Accordingly, when cleansing water is supplied to a vortex chamber under this condition, the flow velocity of the vortical flow increases in the aforementioned narrow place of the gap. Because of this flow velocity differential described earlier can be reliably created around the water jetting body 324. Therefore, swinging revolution of the water jetting body 324 based on the aforementioned lift can be created reliably, and the reliability of revolving jet can be increased. Moreover, since the water jetting body 324 is inclined from the outset with respect to the vortex chamber 323, collision of vortical flow is produced from the onset of inflow, and the water jetting body 324 is pushed by vortical flow. Therefore, the water jetting body 324 can give rise to swinging revolution quickly, and revolving jet can commence from the outset of cleansing water supply.

In this case, a condition of the vortex chamber and water jetting body being relatively inclined prior to commencing cleansing as described above can be realized easily by the examples and modified examples thereof described previously. For example, the cleansing nozzle 1 or the cleansing nozzle 200 of the human body part cleansing device 100 may be designed to. extend and retract diagonally as shown in FIG. 19. Even where this is done, the water jetting body 10 in each nozzle is diagonal with respect to the vortex chamber thereof, so there are the aforementioned advantages.

With the aforementioned dish-cleansing device 310, jet reaction force is utilized to spin the spinning wash arms 320, but is not limited to this. For example, the spinning wash arm 320 could be turned by a motor or the like, and the jet nozzle 322, on this spinning wash arm 320, is arranged upwardly facing.

Or, the upwardly facing jet nozzle 322 could be arranged on the upper face of the spinning wash arm 320, as well as also providing the jet nozzle 322 on a side face of the spinning wash arm 320. By so doing, the jet nozzle 322 of the side face, while cleansing dishware to the side of the spinning wash arm 320, spins the spinning wash arm 320 by the jet reaction force thereof. Meanwhile, the jet nozzle 322 of the upper face washes dishware above the spinning wash arm 320.

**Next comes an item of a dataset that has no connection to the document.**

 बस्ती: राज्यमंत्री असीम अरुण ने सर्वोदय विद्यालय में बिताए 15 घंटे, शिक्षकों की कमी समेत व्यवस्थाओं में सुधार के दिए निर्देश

Next, an arrangement implementable in the examples and modified examples thereof described previously shall be described. FIG. 28 is a descriptive diagram describing a method for creating a flow velocity differential around the force receiving member 12 in the vortical flow of the vortex chamber 4, and FIG. 29 is a descriptive diagram describing another method for creating a flow velocity differential around the force receiving member 12.

As shown in FIG. 28, the vortex chamber 4 has an inside peripheral cross section of generally ovoid shape, the extent of curvature at the peripheral wall zone 4a opposite the vortex chamber inflow conduit 3 is large, and is small at the peripheral wall zone 4b. Therefore, differences in the manner of flowing of cleansing water are created between the peripheral wall zone 4a and the peripheral wall zone 4b having different curvatures, so that a flow velocity differential can be created reliably in vortical flows Sa, Sb at the two locations.

In the modified example shown in FIG. 29, the force receiving member 12 has a cross sectional shape that is generally ovoid. Therefore, the force receiving member 12, at the side thereof that is convex, narrows the gap between the force receiving member 12 outside wall and the vortex chamber inside wall to a greater extent than at other places. Because of this, cleansing water flow velocity can be increased in this narrowed gap, and a flow velocity differential created around the force receiving member 12. As shown in the drawing, where the convex zone of the force receiving member 12 is in proximity to the peripheral wall zone 4a, the flow velocity of vortical flow Sa at that location will reliably be faster than the vortical flow Sb at the peripheral wall zone 4b.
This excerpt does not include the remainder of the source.